Geocaching in Gulf Breeze

It has finally happened. I got to spend the day geocaching.

The boys spent the weekend with my parents so on Sunday the Island Girl and I drove over to Gulf Breeze and went on a much anticipated cache hunt with my dad.

The boys wanted to stay with Na-Na so Dad, Island Girl and I climbed in the truck and headed out.

The first cache on our list was dad's new cache - Shoreline South #1. He wouldn't give us any help so I started studying the GPS and decided which trail to take. Of course I missed a very obvious clue right off the bat but I still managed to find the right path.

He doesn't want me to write anything or post pictures here that will give the cache away so I'm just going to say that it's a great hide. He picked a good spot and I'm sure the cachers who look for this one will enjoy the experience.

After we found his cache we looked for the CITO 2005 cache that is in the same park. Dad found this one on Saturday after hiding his cache so I took the lead. We had to do a little minor bushwacking down the fence line of the dog park but once we got to the end of the fence the woods cleared to a good open trail.



The GPS took me right to ground zero where I beat around a palmetto bush for a couple of minutes with no luck. The mosquitoes were huge and hungry so it didn't take long before I told Dad that I wanted to buy a clue.

He showed me a hollowed out tree next to the palmetto and I leaned around to look and just knew the cache would be there but the tree was empty. I stood back up and as I was thinking "the cache is missing" I looked up and there it was on a tree limb overhead. We both agreed the hollow spot was the obvious place and that putting the cache overhead threw us off. Great hiding spot!

Shoreline Park is a beautiful park on Santa Rosa Sound and I always enjoy coming here.





Our next stop was Where's Bubba.

This cache is a reminder of Gulf Breeze's famous UFO days.

For those of you who don't know - Gulf Breeze was the location of MANY UFO sightings back in the 1980s. People came from all over to watch for them and a lot of people swear they saw one.

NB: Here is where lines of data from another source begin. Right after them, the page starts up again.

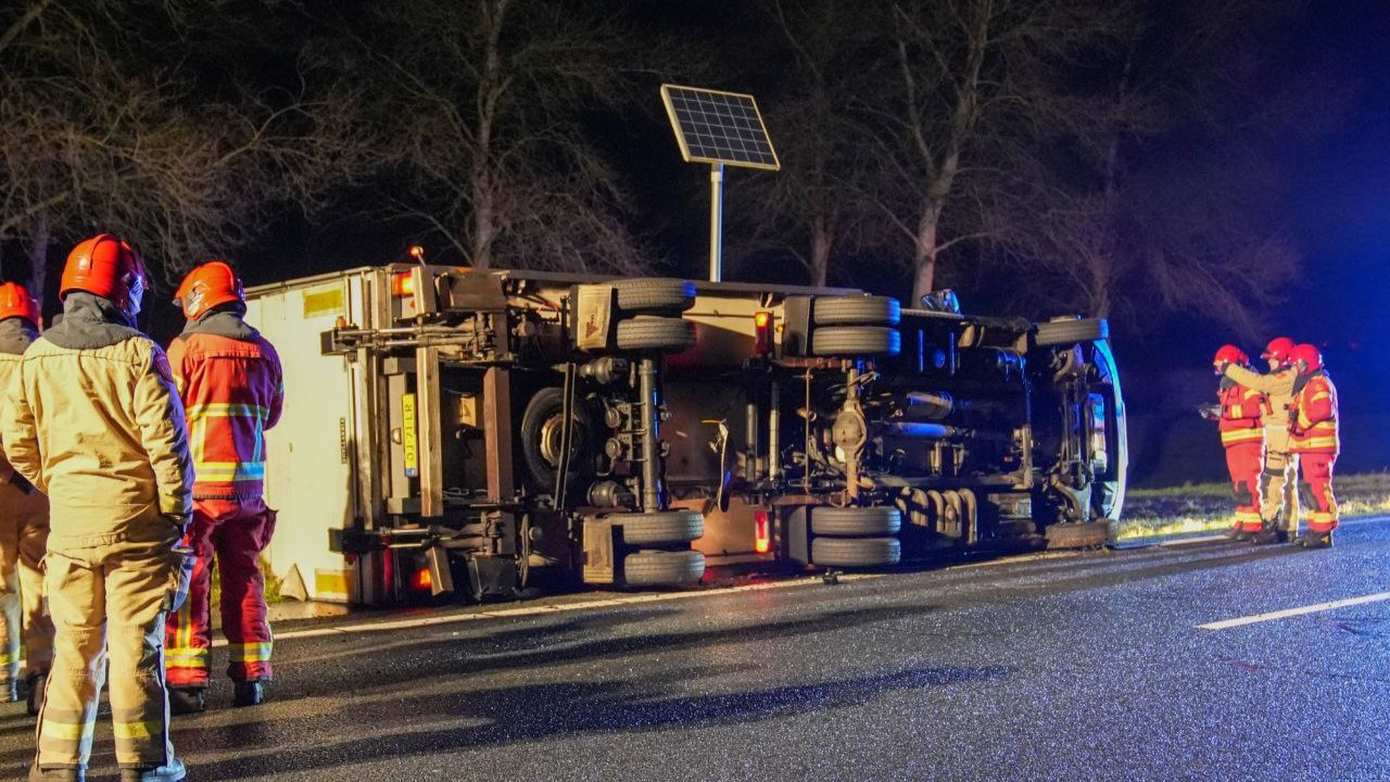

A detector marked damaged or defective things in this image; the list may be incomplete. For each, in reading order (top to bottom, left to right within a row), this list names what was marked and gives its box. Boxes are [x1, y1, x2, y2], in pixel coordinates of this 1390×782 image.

overturned truck [244, 265, 1123, 605]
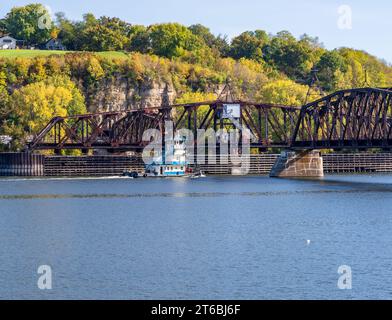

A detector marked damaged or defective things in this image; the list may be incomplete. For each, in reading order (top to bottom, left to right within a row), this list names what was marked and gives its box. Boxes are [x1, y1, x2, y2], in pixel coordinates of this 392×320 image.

rusted steel truss [28, 101, 300, 151]
rusted steel truss [292, 86, 392, 149]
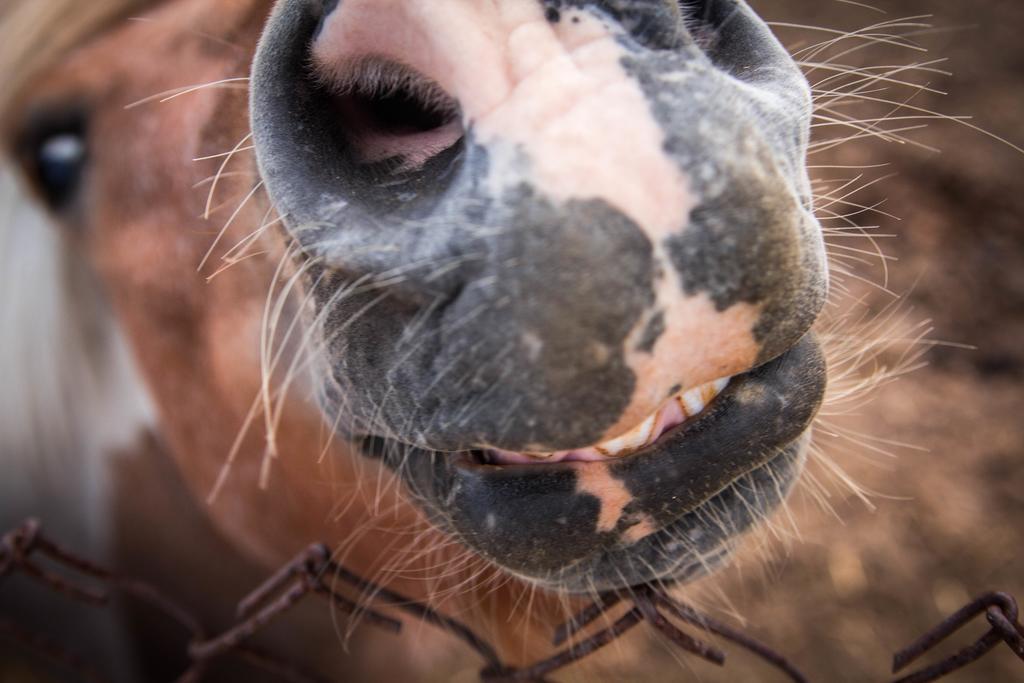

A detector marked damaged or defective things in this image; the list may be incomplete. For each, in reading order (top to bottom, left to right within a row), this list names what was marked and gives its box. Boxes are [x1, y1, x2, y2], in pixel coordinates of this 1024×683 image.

rusty wire [0, 520, 1019, 679]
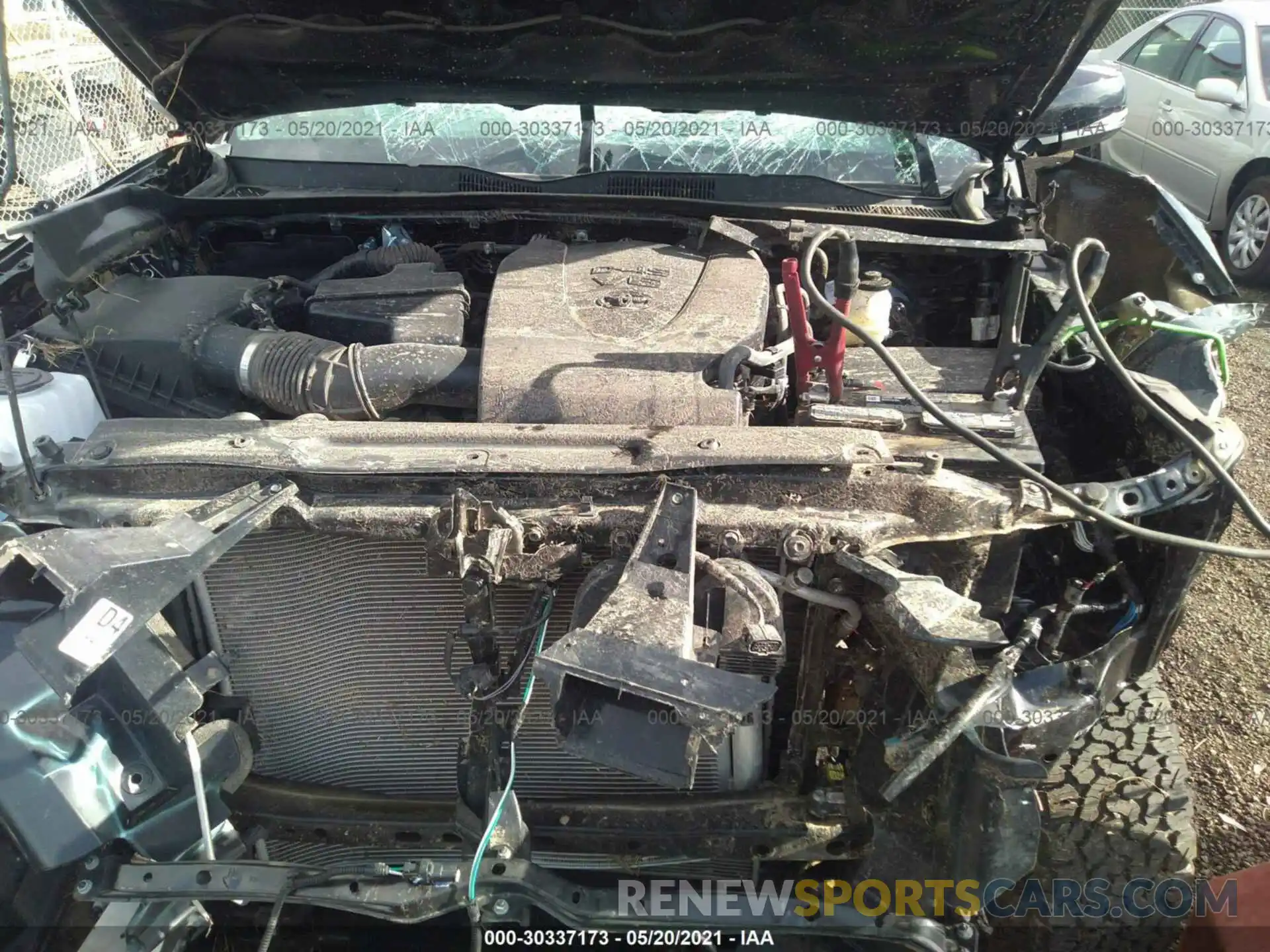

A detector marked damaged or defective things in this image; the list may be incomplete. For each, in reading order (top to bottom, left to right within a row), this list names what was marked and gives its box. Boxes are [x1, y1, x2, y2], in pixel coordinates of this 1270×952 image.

A few years later a home was sold and supposedly a fake UFO was found in the attic. The owner of the home denies any knowledge of the fake and believes it was planted by teenagers as a way to discredit his many UFO sightings. The cache is located in Shoreline North park and don't you know that we saw a UFO!

We even have a picture to prove it



Looks like a UFO doesn't it?

It's actually a disc thrown by a man playing disc golf.

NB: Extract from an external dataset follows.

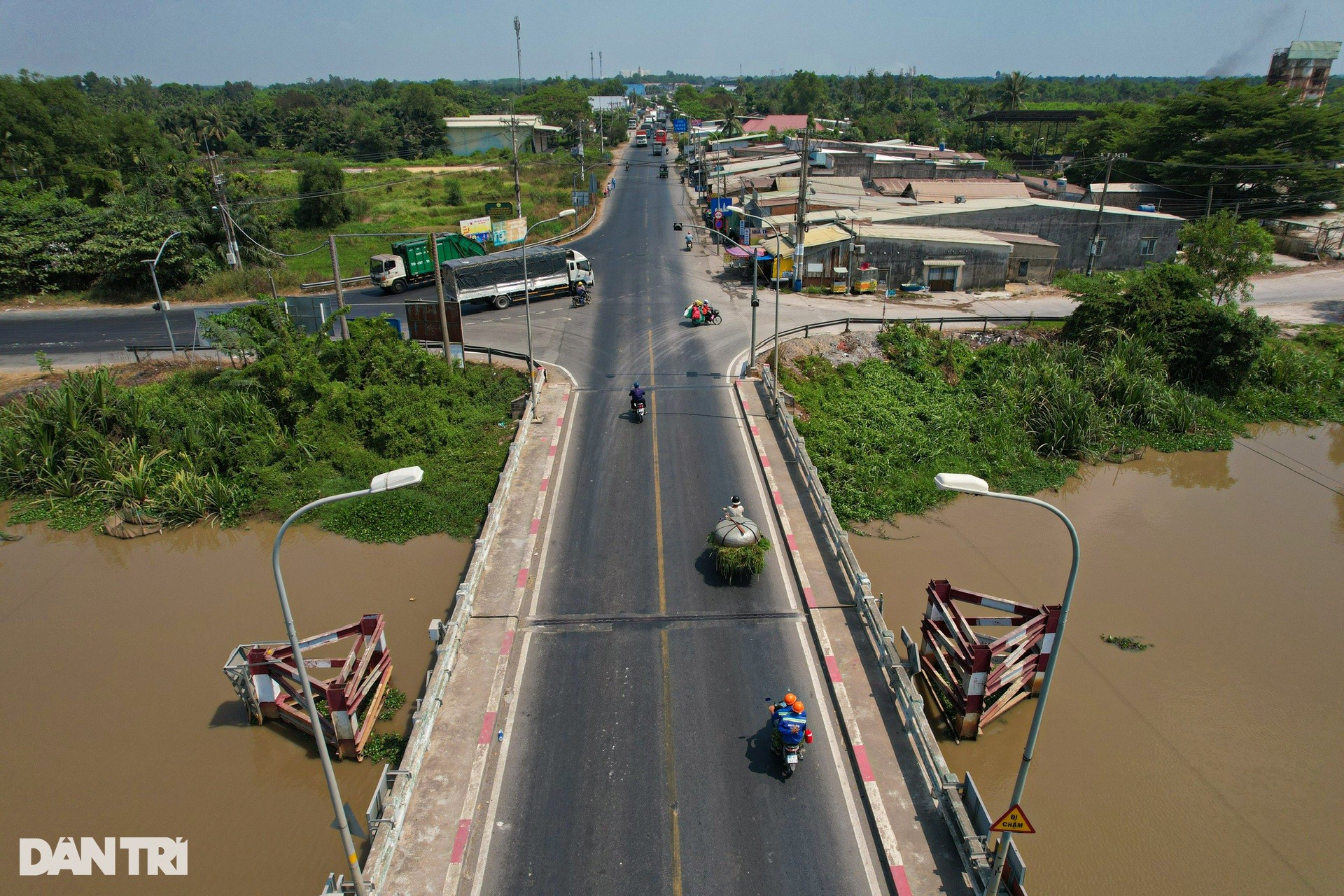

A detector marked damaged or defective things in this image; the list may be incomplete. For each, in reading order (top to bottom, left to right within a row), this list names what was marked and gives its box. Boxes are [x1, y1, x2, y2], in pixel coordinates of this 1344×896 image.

rusted red steel truss [225, 617, 392, 757]
rusted red steel truss [913, 585, 1058, 741]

This park has one of the only real disc golf courses in the area and while we were there we talked to a man who was practicing.

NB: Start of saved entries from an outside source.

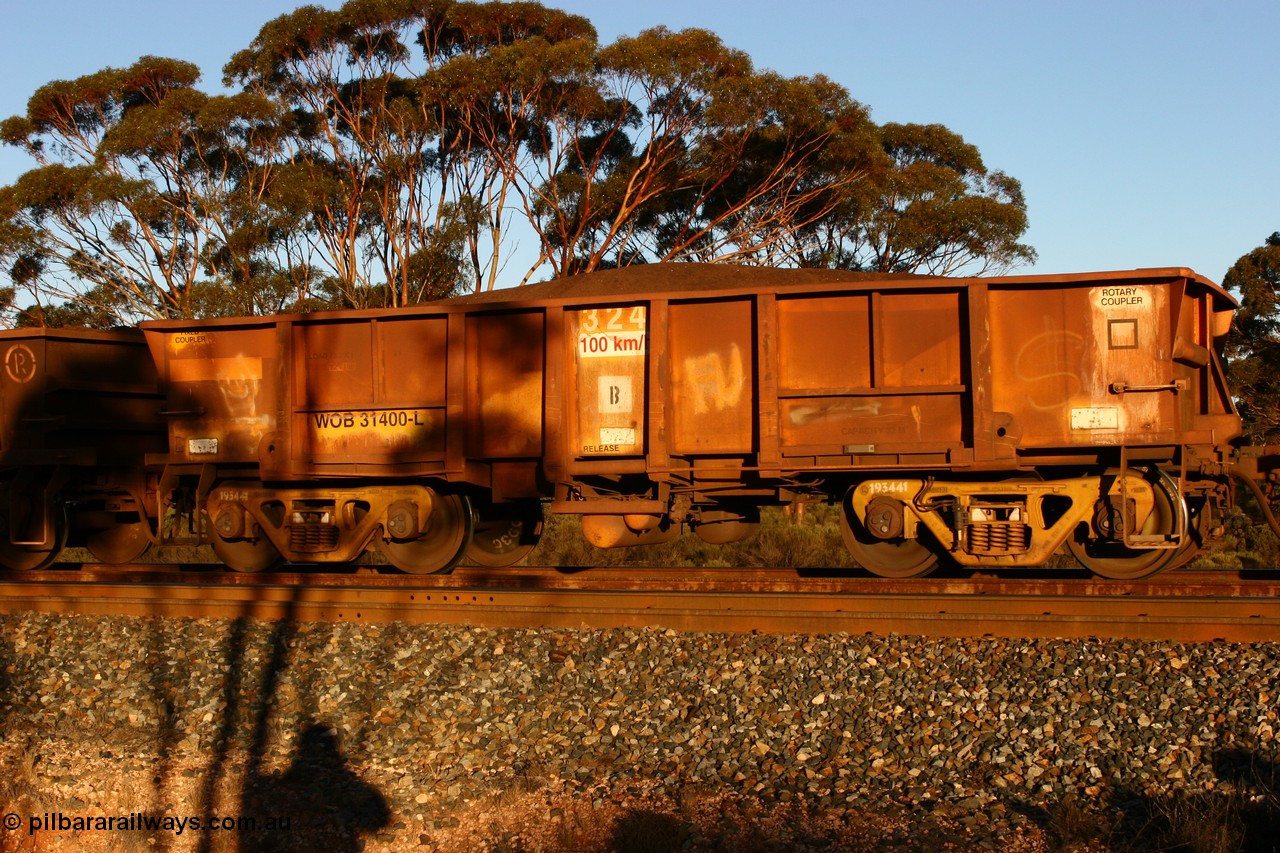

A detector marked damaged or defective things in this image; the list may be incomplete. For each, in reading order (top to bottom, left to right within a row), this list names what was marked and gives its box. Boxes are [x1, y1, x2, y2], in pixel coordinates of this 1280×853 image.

rusty wagon body [127, 266, 1239, 578]
rusty metal surface [5, 563, 1274, 637]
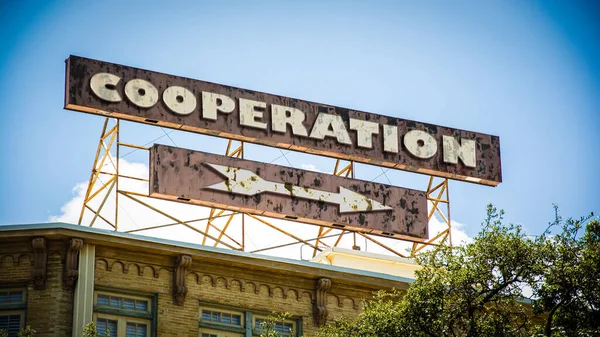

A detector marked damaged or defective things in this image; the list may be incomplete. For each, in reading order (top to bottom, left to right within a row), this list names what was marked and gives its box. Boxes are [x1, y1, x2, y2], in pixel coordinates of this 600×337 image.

rusty metal sign [64, 55, 502, 186]
rusty metal sign [152, 144, 428, 239]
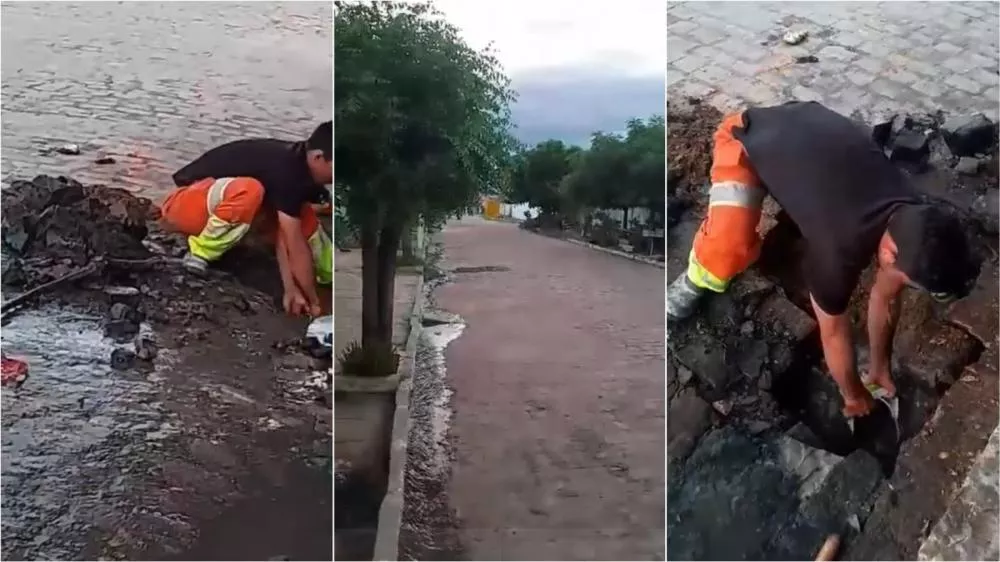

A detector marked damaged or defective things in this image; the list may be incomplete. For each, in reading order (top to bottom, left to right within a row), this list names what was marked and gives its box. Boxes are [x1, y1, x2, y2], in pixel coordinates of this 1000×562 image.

cracked road surface [424, 218, 664, 556]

I had no idea disc golf was such a popular sport and to really show my age - I thought disc golf was Frisbee. The discs are much heavier and are thrown down a fairway for points. Seems like an interesting game but much harder than it looks.

We wandered around the mostly dry lake until we found ground zero and then we spent a long time poking around a palmetto bush.

There was a log off to the side and I looked around it for a minute but Dad had my snake stick so I didn't look too hard. After beating the bush for quite a while we were just about ready to give up when I suggested Dad poke around the backside of the log and of course there it was.

He laughed and said he wished I'd have pointed the log out before he spent 10 minutes beating the palmetto.

Next we were after a cache in a small park on Escambia Bay so off we went. This park is a water access park with a long boardwalk down to the Bay.



The cache is hidden at the beginning of the boardwalk and the GPS tells us the cache is in the brush. Thick brush with several spider webs strung across the non-trail. I was VERY glad Dad was willing to go in LOL He almost needed a machete to go 5 feet off the boardwalk!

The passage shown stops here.